Yolanda y la peluquería
Se ha hecho mucho ruido con lo que dijo Alfonso Guerra de la afición de Yolanda por las peluquerías. Ignoro cuántas veces va Yolanda al peluquero, pero compruebo a diario que Díaz utiliza el pelo, bien adornado de tirabuzones y de mechas, para ocultar sus carencias. Por ejemplo, un día se escondió tras su melena cuando una reportera británica le preguntó en inglés. Como Yolanda no entiende el inglés aunque lo hable el Príncipe Gitano, corrió la cortina de su pelo e hizo como que no estaba. Un gesto infantil que la delata.
Hizo lo mismo el día que tuvo que explicar lo que son las regulaciones de empleo temporales: bajó las mechas y se camufló en la selva de su pelo. Algo que no puede hacer Sánchez, y esa es la razón por la que cambia tanto de opinión, porque no puede ocultarse detrás de unas mechas doradas.

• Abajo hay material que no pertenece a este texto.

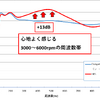 スーパーサウンドマスターシリーズで培われた音造りの技術を投入。高回転域で心地よく響くようにサウンドチューニングを実施。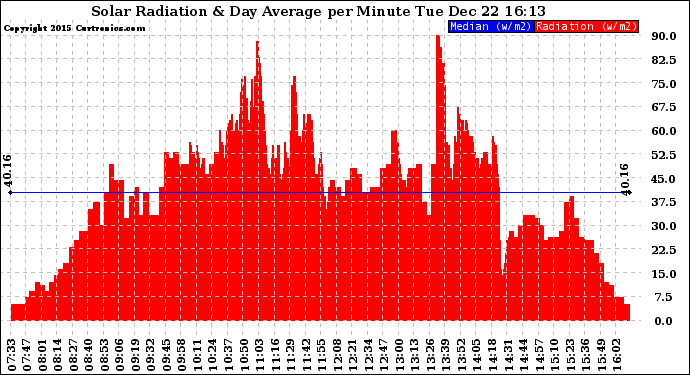 Solar PV/Inverter Performance Solar Radiation & Day Average per Minute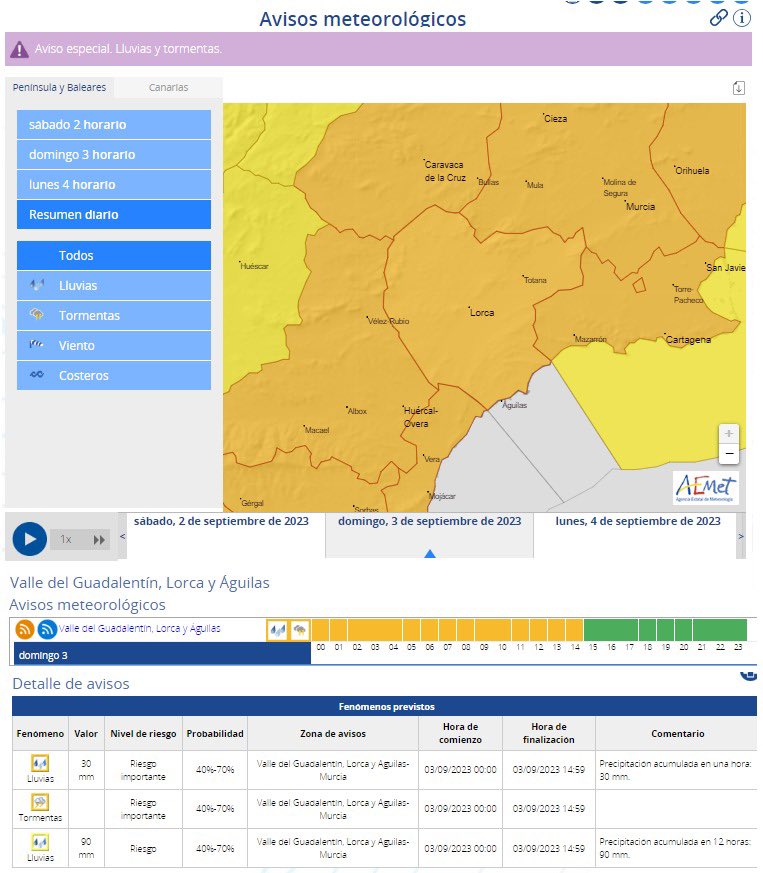 AytoLorca's tweet photo. 🟠⛈️ La @AEMET_Esp incrementa a NARANJA el aviso por LLUVIAS y TORMENTAS en #Lorca desde las 00:00 hasta las 15:00 horas del domingo, 3 de septiembre 

⚠️Pedimos a la población que siga los consejos del @112Lorca y, en caso de emergencia, contacte con el 112 https://t.co/8aM4l0ZuzK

El peluquero es un elemento político, y ya es tan importante en España como en la Corea de Kim Jong. Sin peluquería, la vicepresidenta sería una nada sin ideas expuesta de manera obscena en el escaparate de la política. El peluquero de la Moncloa es el que nos libra de esa pornografía. Fue seguramente en una peluquería donde Yolanda alumbró su teoría de los tres tipos de amnistía, inspirada por la triple variedad de champús que aparecían en la repisa: para cabello seco, graso y normal. El marketing de la amnistía nació en esa hora, entre el ruido del vendaval de secadores, y con perfume de abrótano macho.
Y Yolanda, que sabe que el personal acepta de grado el lenguaje llano y la charla peluquera, se lanzó desde ese día a desafiar a los doctores en derecho, que saben mucho, pero no tienen pelo. Volviendo a lo de Alfonso Guerra, es muy probable que una parte de las tres horas que Yolanda y Carles emplearon en su cita de Bruselas se dedicara a intercambiar experiencias de peluquería. Es un milagro que el fugado haya sido capaz de mantener el mismo peinado tribal que gastaba en España, cuando la tendencia en los países bajos es muy otra. Por este esfuerzo también habría que recompensarle.